Multiple reports this week revealed that General Motors is cutting hundreds of jobs in its IT department—but not with the intent to replace them outright with AI. The layoffs are reportedly impacting about 600 employees, or about 10% of the IT team, and the job cuts are partly designed to allow the company to bring on new employees with specific AI skills.
General Motors has confirmed the layoffs and suggested they were part of a broader change to its IT operations. “GM is transforming its Information Technology organization to better position the company for the future,” a company spokesperson said in a statement. “As part of that work, we have made the difficult decision to eliminate certain roles globally. We are grateful for the contributions of the employees affected and are committed to supporting them through this transition.”
According to a TechCrunch report, General Motors is still hiring IT employees, but only those with the type of skills that would allow them to actually build AI systems rather than simply having the ability to use AI to be more productive.
These layoffs are not exactly unprecedented: Over 200 salaried employees at General Motors were laid off in the fall, along with about a thousand cuts to software jobs back in 2024. (A round of sweeping job cuts last year also affected thousands of factory workers.) Each week, yet another company justifies layoffs by citing AI, as tech companies sink endless resources into shoring up their AI investments. Coinbase, Cloudflare, and PayPal all just announced job cuts and at least partly attributed them to AI.

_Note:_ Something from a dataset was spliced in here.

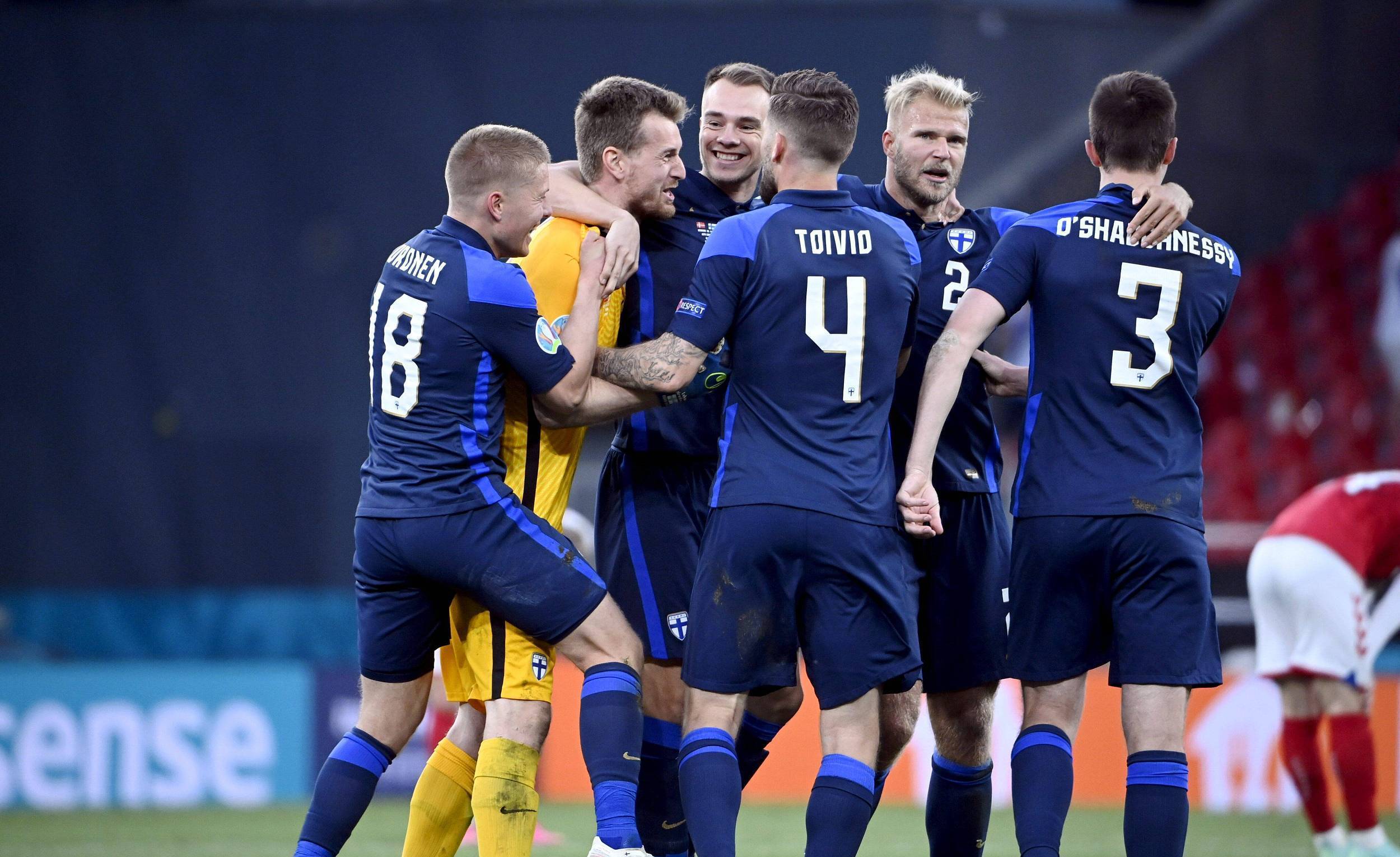 威尔士队在欧预赛淘汰赛中击败对手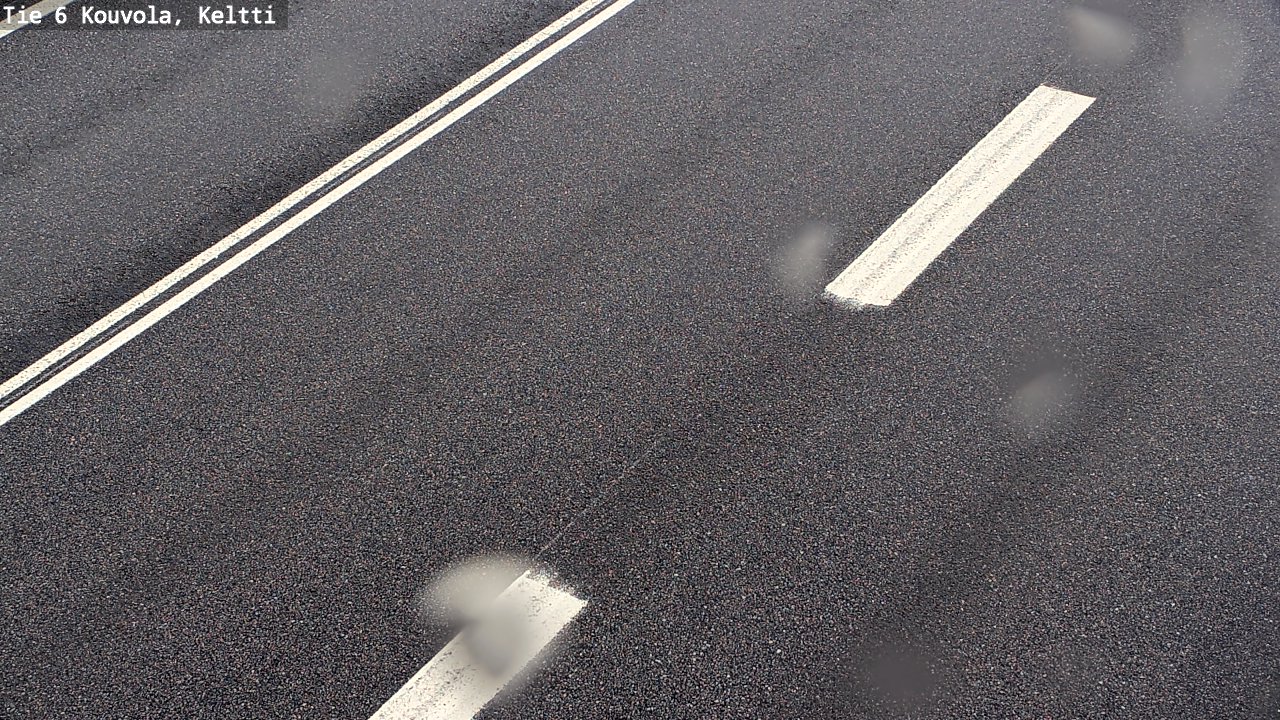 Kelikamerat Kuva Tie 6 Kouvola, Keltti, Kouvola, Kymenlaakso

General Motors, for its part, has said little about why these layoffs were necessary, unlike the myriad employers who now explicitly reference AI. In a CNBC report, General Motors employees claimed they were notified about the job losses through a scripted video meeting with HR and were not given the opportunity to ask questions. But this round of layoffs appears to be another example of what AI-related job cuts may look like going forward: not simply slashing headcount due to productivity gains with AI, but also dismissing workers in favor of “AI natives” or employees with a particular skill set—and offering little explanation as that kind of disruption become increasingly common.